Herri Batasuna (; ; HB) was a far-left Basque nationalist coalition in Spain. It was founded in 1978 and defined itself as abertzale, left-wing, socialist, and supported the independence of the Greater Basque Country. It was refounded as Batasuna in 2001 and subsequently outlawed by the Spanish Supreme Court for being considered the political wing of the separatist group Euskadi Ta Askatasuna (ETA).

History
The party was founded in April 1978 as Herri Batasuna, a coalition of leftist nationalist political groups initially brought together to advocate for "No" in the referendum to be held that year on the Spanish constitution.
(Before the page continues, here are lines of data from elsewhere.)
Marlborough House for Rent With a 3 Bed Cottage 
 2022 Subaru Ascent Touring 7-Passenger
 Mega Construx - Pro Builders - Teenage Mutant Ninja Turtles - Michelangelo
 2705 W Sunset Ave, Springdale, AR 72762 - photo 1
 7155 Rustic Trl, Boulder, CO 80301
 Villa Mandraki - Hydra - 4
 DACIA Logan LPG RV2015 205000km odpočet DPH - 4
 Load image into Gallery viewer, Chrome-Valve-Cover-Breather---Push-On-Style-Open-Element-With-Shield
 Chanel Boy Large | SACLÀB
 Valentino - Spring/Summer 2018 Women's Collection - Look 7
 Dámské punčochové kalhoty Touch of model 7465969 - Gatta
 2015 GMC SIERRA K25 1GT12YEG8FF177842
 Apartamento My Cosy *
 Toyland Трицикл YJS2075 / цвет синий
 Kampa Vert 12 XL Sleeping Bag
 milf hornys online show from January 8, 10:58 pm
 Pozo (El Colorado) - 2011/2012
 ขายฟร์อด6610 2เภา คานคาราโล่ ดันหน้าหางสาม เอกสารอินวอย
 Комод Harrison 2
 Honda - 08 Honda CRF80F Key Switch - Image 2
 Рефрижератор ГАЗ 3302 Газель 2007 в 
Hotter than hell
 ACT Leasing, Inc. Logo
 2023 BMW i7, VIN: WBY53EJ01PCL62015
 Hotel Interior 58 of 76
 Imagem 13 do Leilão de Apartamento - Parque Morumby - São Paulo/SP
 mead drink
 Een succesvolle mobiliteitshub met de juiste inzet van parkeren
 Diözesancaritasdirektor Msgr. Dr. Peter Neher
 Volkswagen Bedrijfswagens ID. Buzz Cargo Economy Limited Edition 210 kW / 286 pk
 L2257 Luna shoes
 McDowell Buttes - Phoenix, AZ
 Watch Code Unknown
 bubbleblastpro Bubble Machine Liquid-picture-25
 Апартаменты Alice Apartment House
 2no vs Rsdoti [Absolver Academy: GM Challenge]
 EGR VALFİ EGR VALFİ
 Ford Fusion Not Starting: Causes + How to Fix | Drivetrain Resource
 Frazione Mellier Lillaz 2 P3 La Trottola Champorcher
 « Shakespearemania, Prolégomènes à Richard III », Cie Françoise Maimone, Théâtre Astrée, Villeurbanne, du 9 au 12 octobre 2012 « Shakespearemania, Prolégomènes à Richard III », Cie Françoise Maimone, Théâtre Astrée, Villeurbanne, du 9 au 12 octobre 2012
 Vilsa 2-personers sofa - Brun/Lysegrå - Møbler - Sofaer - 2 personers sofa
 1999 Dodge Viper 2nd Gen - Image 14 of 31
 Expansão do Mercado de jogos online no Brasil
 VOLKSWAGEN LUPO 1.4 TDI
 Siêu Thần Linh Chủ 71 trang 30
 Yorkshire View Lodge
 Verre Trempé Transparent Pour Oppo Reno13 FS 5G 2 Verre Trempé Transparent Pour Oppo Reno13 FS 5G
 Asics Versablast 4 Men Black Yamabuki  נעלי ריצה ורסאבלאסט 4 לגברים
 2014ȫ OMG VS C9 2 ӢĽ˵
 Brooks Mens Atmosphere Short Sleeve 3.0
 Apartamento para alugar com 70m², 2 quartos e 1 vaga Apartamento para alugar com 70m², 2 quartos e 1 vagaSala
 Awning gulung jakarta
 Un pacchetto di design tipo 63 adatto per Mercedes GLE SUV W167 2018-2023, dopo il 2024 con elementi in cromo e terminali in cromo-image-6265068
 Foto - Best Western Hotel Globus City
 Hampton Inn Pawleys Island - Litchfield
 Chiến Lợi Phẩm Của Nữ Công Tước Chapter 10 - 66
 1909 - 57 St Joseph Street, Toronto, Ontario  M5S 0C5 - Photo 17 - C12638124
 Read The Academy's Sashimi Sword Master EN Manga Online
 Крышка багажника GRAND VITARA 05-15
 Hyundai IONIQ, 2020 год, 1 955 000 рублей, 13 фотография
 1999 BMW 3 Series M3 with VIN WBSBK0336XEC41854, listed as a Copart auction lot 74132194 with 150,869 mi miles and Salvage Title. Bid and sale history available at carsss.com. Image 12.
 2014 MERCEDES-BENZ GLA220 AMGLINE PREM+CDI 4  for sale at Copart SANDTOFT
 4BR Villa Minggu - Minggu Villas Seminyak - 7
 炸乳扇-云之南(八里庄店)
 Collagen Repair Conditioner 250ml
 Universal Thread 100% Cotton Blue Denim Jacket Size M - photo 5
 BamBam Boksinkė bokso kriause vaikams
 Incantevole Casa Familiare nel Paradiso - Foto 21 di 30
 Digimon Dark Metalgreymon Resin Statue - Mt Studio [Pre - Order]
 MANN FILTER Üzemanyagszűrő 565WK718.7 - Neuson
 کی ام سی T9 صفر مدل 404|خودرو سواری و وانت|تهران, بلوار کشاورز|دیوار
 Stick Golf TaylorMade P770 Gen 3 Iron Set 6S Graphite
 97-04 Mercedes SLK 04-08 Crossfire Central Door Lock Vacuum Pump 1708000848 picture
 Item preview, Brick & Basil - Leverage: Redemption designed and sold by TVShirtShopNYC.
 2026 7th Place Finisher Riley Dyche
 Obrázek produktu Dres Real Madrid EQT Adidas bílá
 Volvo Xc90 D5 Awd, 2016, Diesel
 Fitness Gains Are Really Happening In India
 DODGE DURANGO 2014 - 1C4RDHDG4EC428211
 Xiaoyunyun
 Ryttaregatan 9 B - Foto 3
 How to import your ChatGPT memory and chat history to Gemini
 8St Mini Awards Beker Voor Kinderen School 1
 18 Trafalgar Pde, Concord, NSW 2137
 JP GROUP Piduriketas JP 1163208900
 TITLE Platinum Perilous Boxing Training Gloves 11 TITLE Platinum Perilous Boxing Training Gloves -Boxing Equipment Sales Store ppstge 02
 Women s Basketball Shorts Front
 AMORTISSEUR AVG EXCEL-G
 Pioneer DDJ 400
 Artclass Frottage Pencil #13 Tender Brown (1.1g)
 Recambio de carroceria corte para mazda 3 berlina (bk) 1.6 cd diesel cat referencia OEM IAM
Its constituent parties had been called together by senior Basque nationalist Telesforo de Monzón in a 1978 meeting called "The table of Alsasua". Herri Batasuna's founding convention was held in Lekeitio, home of Santiago Brouard, who was then the leader of HASI (Herriko Alderdi Sozialista Iraultzailea or Revolutionary Socialist People's Party). The party won 150,000 votes in the Basque Country (15%) and 22,000 additional votes in Navarre (9%) in its first Spanish general election in March 1979. Thus, they won three seats in the Spanish Parliament, which they did not occupy. The same happened in 1980 in the first elections to the Basque Parliament, in which HB stood as a second political force, with 151,636 votes (16.55%), winning 11 seats. Its absence allowed a BNP-only Basque government led by Carlos Garaikoetxea. On 20 November 1984, Brouard was assassinated by two members of the GAL. The killing is perhaps the only one performed by the GAL death squad within Spain itself.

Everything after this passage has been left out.